Re: fuse uring / wake_up on the same core

From: Bernd Schubert
Date: Fri Apr 28 2023 - 17:55:02 EST


On 4/28/23 03:44, Hillf Danton wrote:
> On 27 Apr 2023 13:35:31 +0000 Bernd Schubert <bschubert@xxxxxxx>
>> Btw, a very hackish way to 'solve' the issue is this
>>
>> diff --git a/fs/fuse/dev.c b/fs/fuse/dev.c
>> index cd7aa679c3ee..dd32effb5010 100644
>> --- a/fs/fuse/dev.c
>> +++ b/fs/fuse/dev.c
>> @@ -373,6 +373,26 @@ static void request_wait_answer(struct fuse_req *req)
>> int err;
>> int prev_cpu = task_cpu(current);
>>
>> + /* When running over uring and core affined userspace threads, we
>> + * do not want to let migrate away the request submitting process.
>> + * Issue is that even after waking up on the right core, processes
>> + * that have submitted requests might get migrated away, because
>> + * the ring thread is still doing a bit of work or is in the process
>> + * to go to sleep. Assumption here is that processes are started on
>> + * the right core (i.e. idle cores) and can then stay on that core
>> + * when they come and do file system requests.
>> + * Another alternative way is to set SCHED_IDLE for ring threads,
>> + * but that would have an issue if there are other processes keeping
>> + * the cpu busy.
>> + * SCHED_IDLE or this hack here result in about factor 3.5 for
>> + * max meta request performance.
>> + *
>> + * Ideal would to tell the scheduler that ring threads are not disturbing
>> + * that migration away from it should very very rarely happen.
>> + */
>> + if (fc->ring.ready)
>> + migrate_disable();
>> +
>> if (!fc->no_interrupt) {
>> /* Any signal may interrupt this */
>> err = wait_event_interruptible(req->waitq,
>>
> If I understand it correctly, the seesaw workload hint to scheduler looks
> like the diff below, leaving scheduler free to pull the two players apart
> across CPU and to migrate anyone.

Thank a lot Hillf! I had a day off / family day today, kernel is now
eventually compiling.

>
> --- a/fs/fuse/dev.c
> +++ b/fs/fuse/dev.c
> @@ -421,6 +421,7 @@ static void __fuse_request_send(struct f
> /* acquire extra reference, since request is still needed
> after fuse_request_end() */
> __fuse_get_request(req);
> + current->seesaw = 1;
> queue_request_and_unlock(fiq, req);
>
> request_wait_answer(req);
> @@ -1229,6 +1230,7 @@ static ssize_t fuse_dev_do_read(struct f
> fc->max_write))
> return -EINVAL;
>
> + current->seesaw = 1;

fuse_dev_do_read is plain /dev/fuse (with read/write) and we don't know
on which core these IO threads are running and which of them to wake up
when an application comes with a request.
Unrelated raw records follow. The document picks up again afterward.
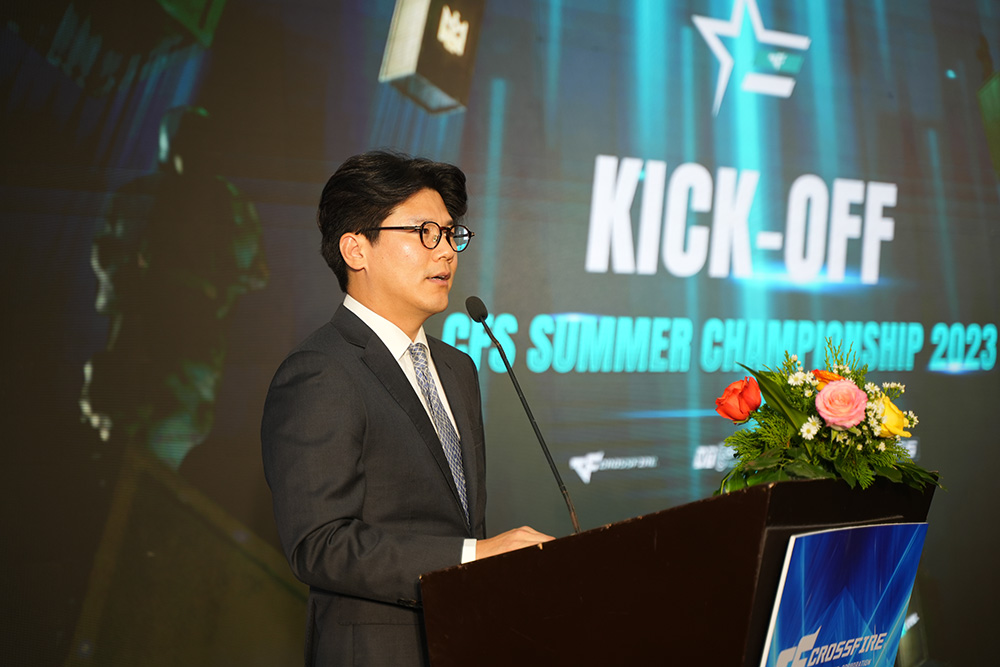 Đột Kích Việt Nam khởi động giải đấu CFS Summer Championship 2023
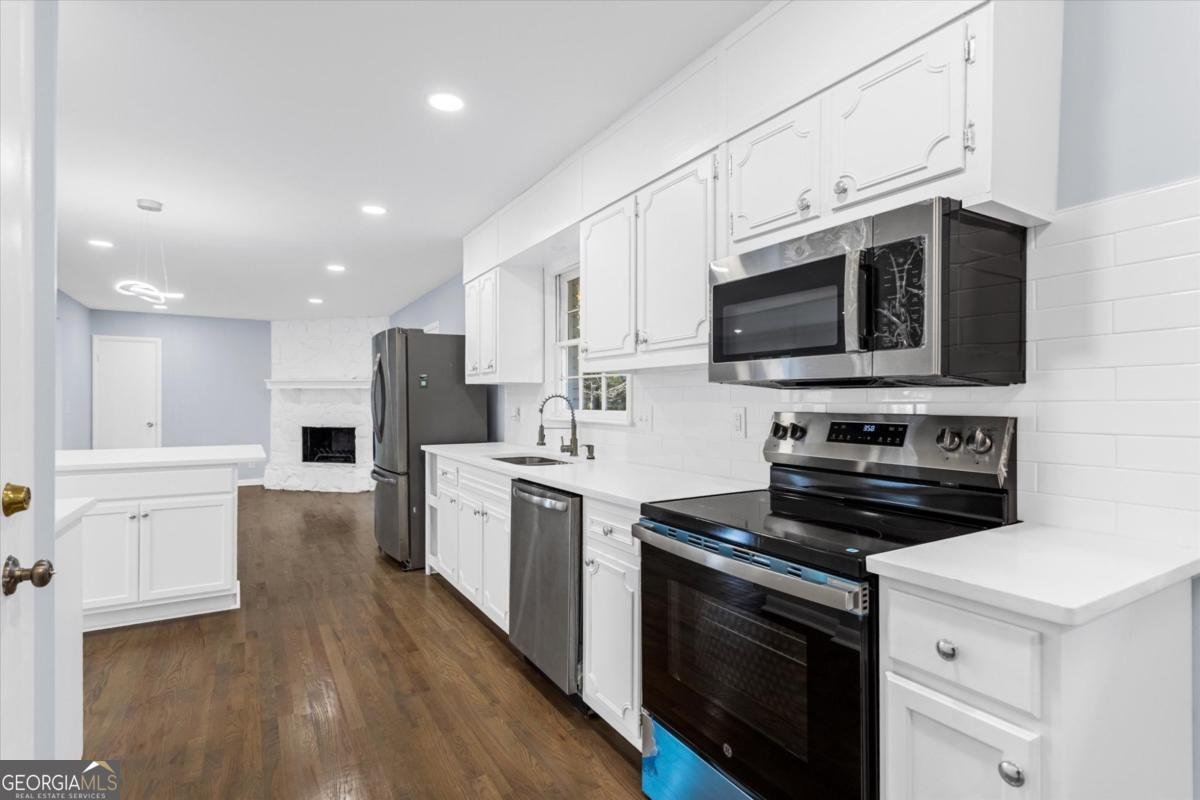 4074 Idlevale Drive Tucker - 25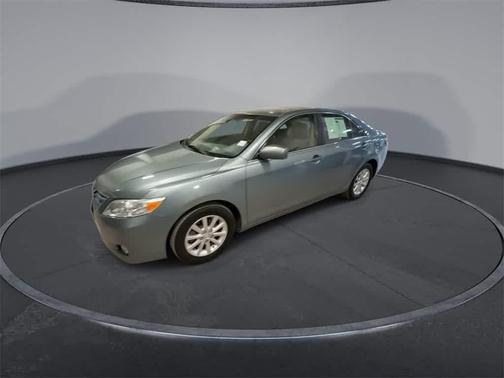 2011 Toyota Camry XLE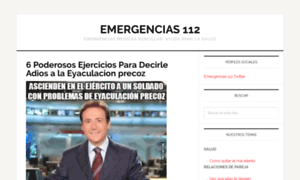 Emergencias112.net thumbnail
There is a patch to use __wake_up_sync to wake the IO thread and reports
that it helps in performance, but I don't see it and I think Miklos
neither. For direct-io read I had also already tested disabling
migration - it didn't show any effect - we better don't set
current->seesaw = 1 in fuse_dev_do_read for now.

With my fuse-uring patches things are more clear
(https://lwn.net/Articles/926773/), there is one IO thread per core and
libfuse side is binding these threads to a single core only.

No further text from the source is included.